▶

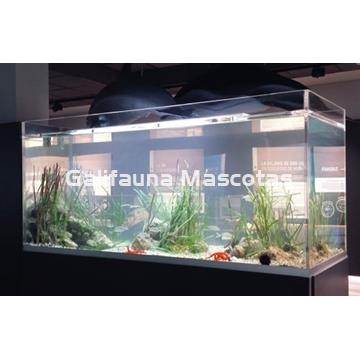 Acuarios de metacrilato a medida. - Imagen 1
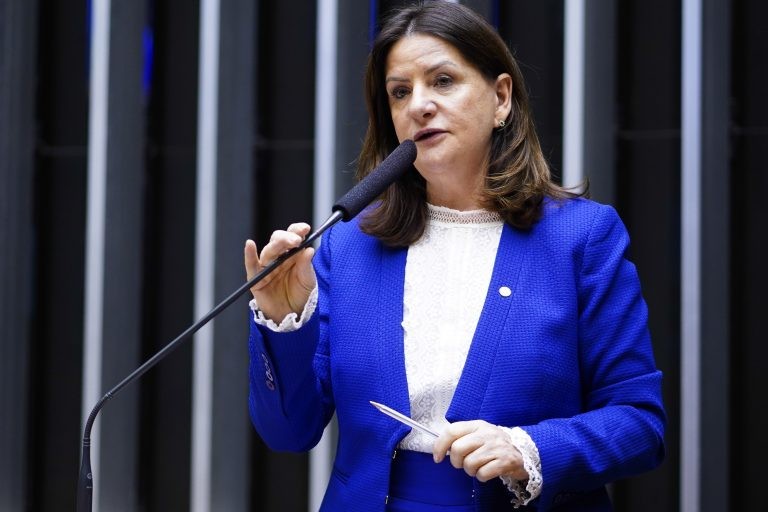 A autora da proposta, deputada Carmen Zanotto - (Foto: Pablo Valadares/Câmara dos Deputados)
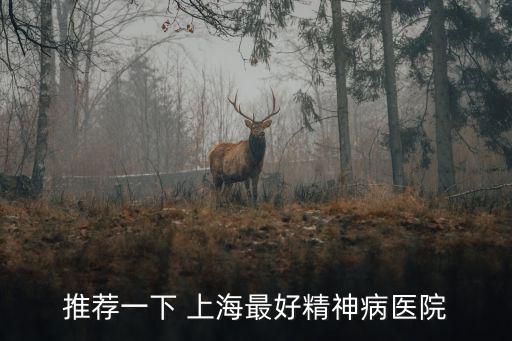 推薦一下 上海最好精神病醫院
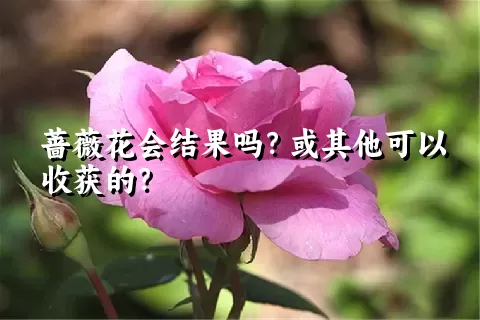蔷薇花会结果吗？或其他可以收获的？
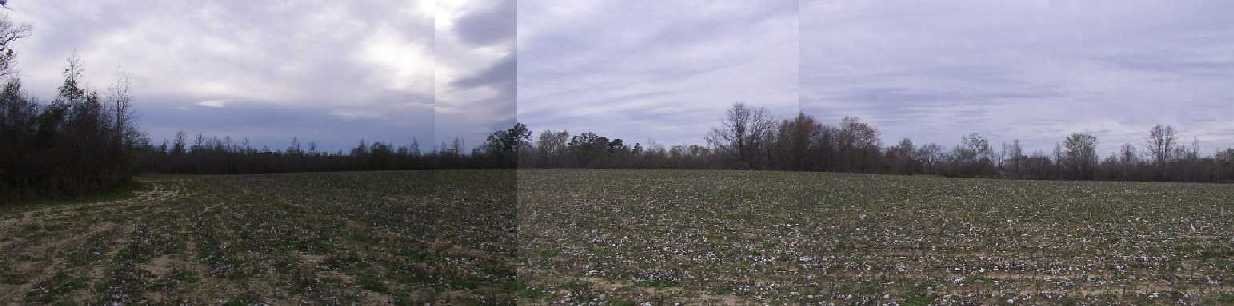 Panorama from south to northwest from the point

◀

Exactly the lines from the line containing "推薦一下 上海最好精神病醫院" to the end of the records need to be copied, both ends included, with pictures left out.

→ **Response to this task**
 推薦一下 上海最好精神病醫院
蔷薇花会结果吗？或其他可以收获的？
 Panorama from south to northwest from the point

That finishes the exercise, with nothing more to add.